Father Timm Memorial Prog...
Limits 1s, 512 MB

Given a $k$ degree polynomial $P(x)=\sum_{i=0}^{k}{a_ix^i}$ ($0 \leq a_i\leq 7$) and $f(n)=\text{“number of such polynomial so that }P(2)=n\text{"}$, find $\sum_{i=0}^{m}{f(i)}$ for a given number $m$.

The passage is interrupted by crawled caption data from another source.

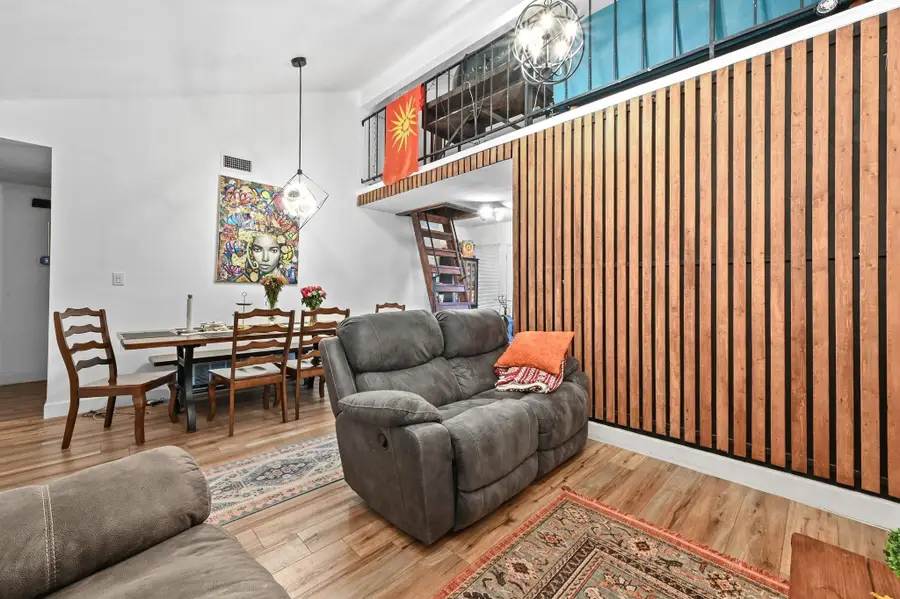 1710 Timberwood Dr, Austin, TX 78741 - Image #3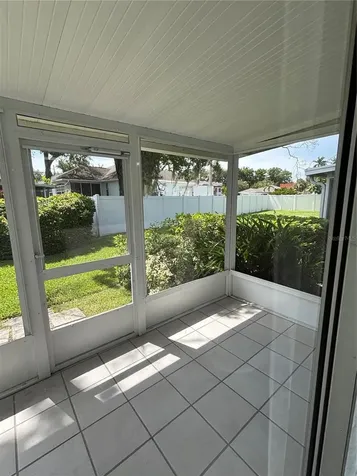 2115 9th Avenue W Bradenton FL 34205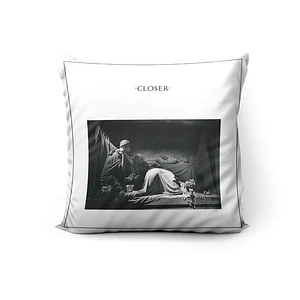 Cojín Joy Division: Closer 45x45cm Vudú Love 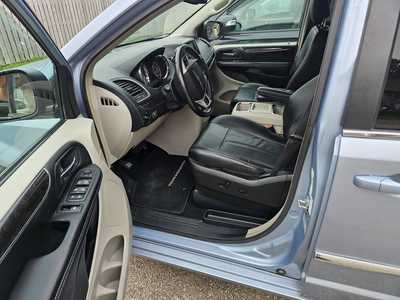 2016 Chrysler Town & Country, $7999. Photo 2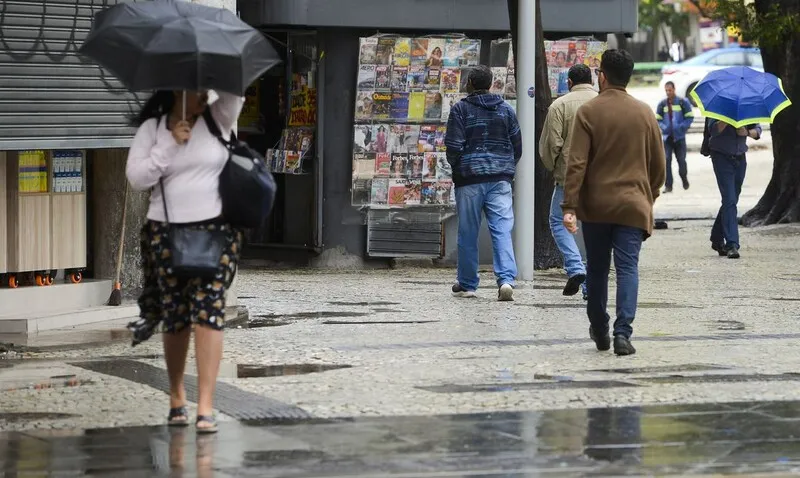 Depois de dias com clima estável e céu limpo, a cidade do Rio terá um fim de semana nublado e com chuva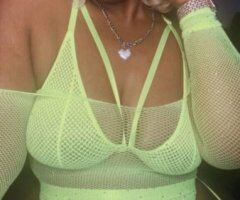 Phoenix escorts - Honey — Upscale Phoenix Companion for Dates, Massage, and Online Fun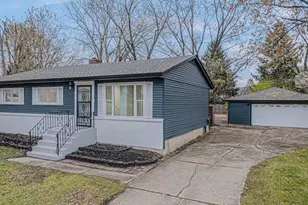 9N621 Flora Dr, Elgin, IL 60123 - Photo 2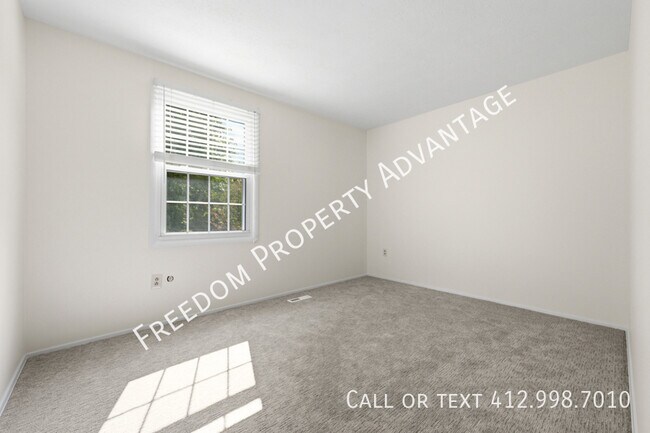 Building Photo - 139 W Fair Meadows Dr
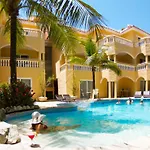Hotel Villa Taina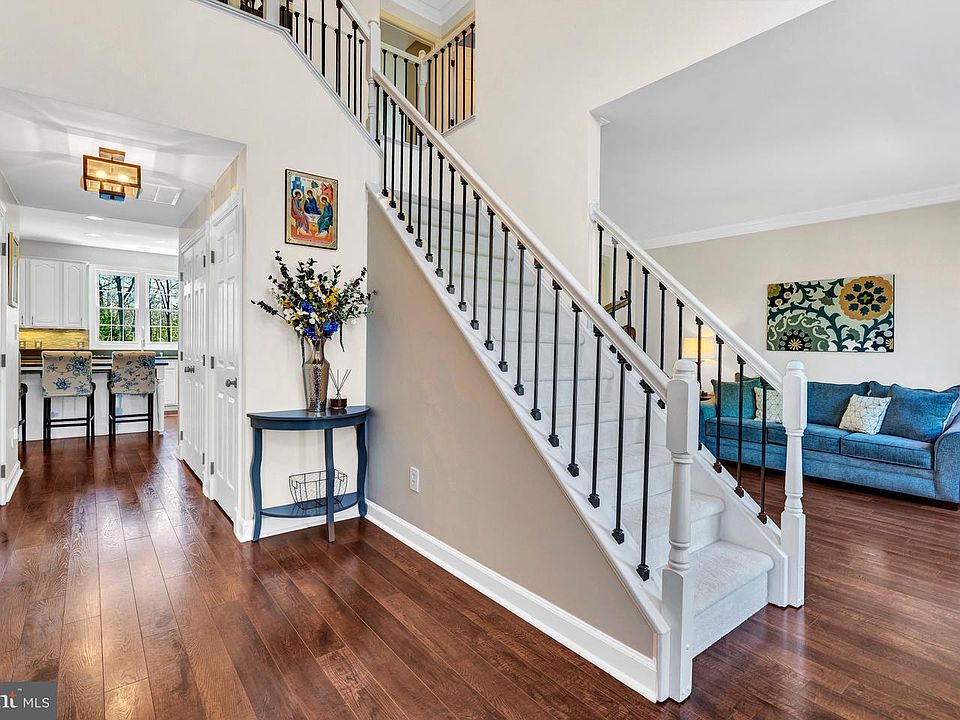 26163 Glasgow Dr, Chantilly, VA 20152 | Zillow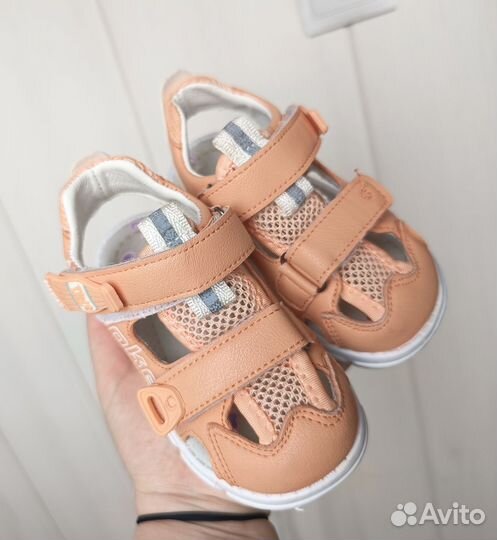 Сандалии для девочки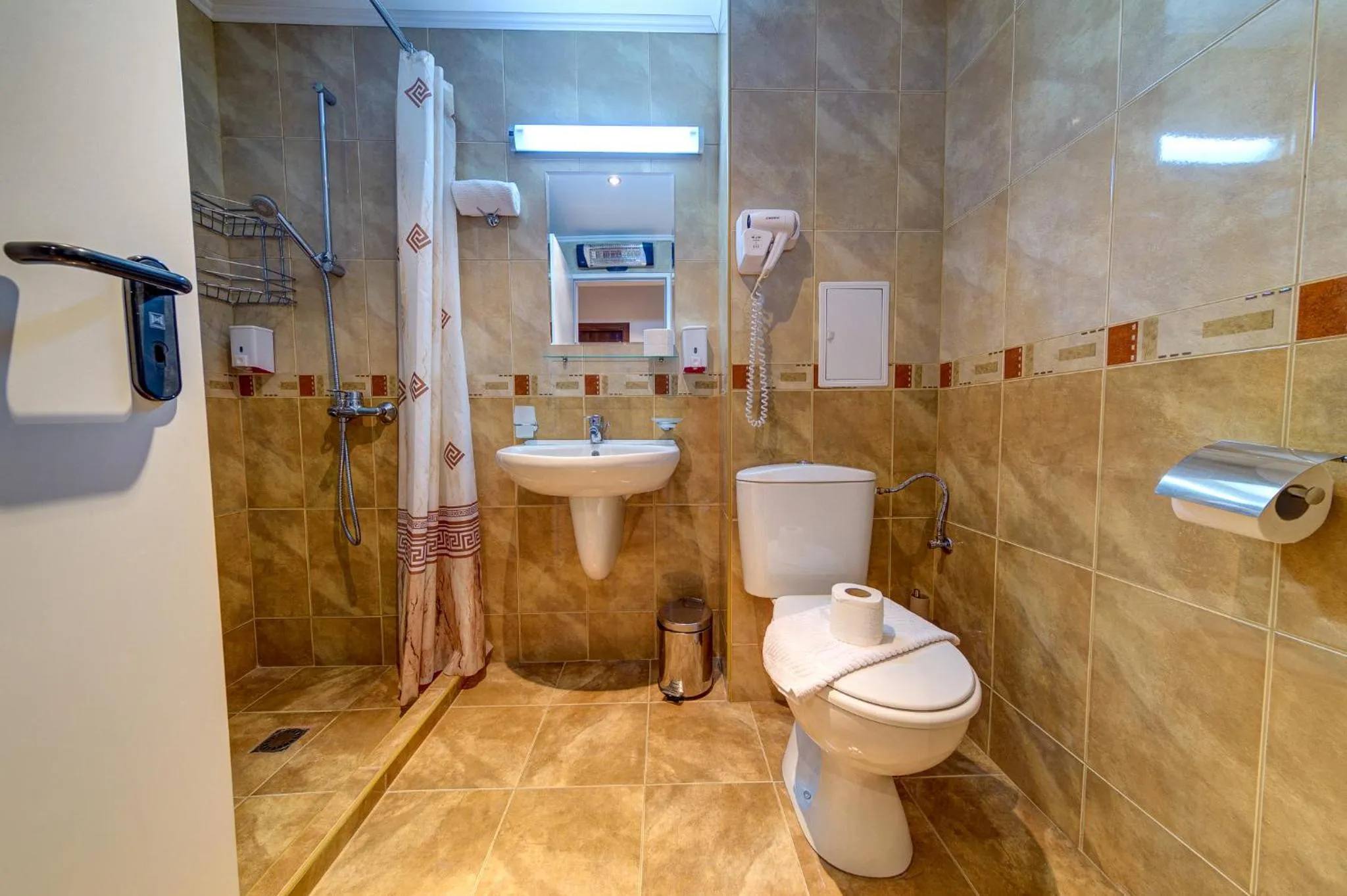 Shower in Complex Silver Hills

I found this problem in an online contest. But it was very tough for me to solve. Luckily I found a solution pattern for this problem generating solution for some small test cases. I found that:

$\Large{f(n)=\lfloor \frac{\lfloor \frac{n+4}{2} \rfloor ^{2}}{4} \rfloor}$

But still, I can't find $\sum_{i=0}^{m}{f(i)}$. So please help me out.

## Input

The first line contains a single integer $t$ ($1\leq t\leq 10^5$) number of test cases. On next line there are $t$ numbers, $m_i$($0\leq m\leq 10^{18}$) meaning that in case $i$ you should solve for number $m_i$.

## Output

For each test case $i$, print the answer modulo $10^9+7$ on separate lines.

## Sample

InputOutput
4
1 2 3 4

2
4
6
10


for the second test case :

$f(0)=1$ because there is only one polynomial for which $P(2)=0$ and the polynomial is $P(x)=0\times x^0$

$f(1)=1$ because there is only one polynomial for which $P(2)=1$ and the polynomial is $P(x)=1\times x^0$

$f(2)=2$ because there is two such polynomial for which $P(2)=2$ and the polynomials are $P(x)=2\times x^0$ and $P(x)=0\times x^0+1\times x^1$

Hence $\sum_{i=0}^{2}{f(i)}=1+1+2=\boxed{4}$

Here $\sum_{i=j}^{k}{f(i)}$ means $f(j)+f(j+1)+f(j+2)+...+f(k-1)+f(k)$. $\lfloor x \rfloor$ means “largest integer which is smaller than or equal to x".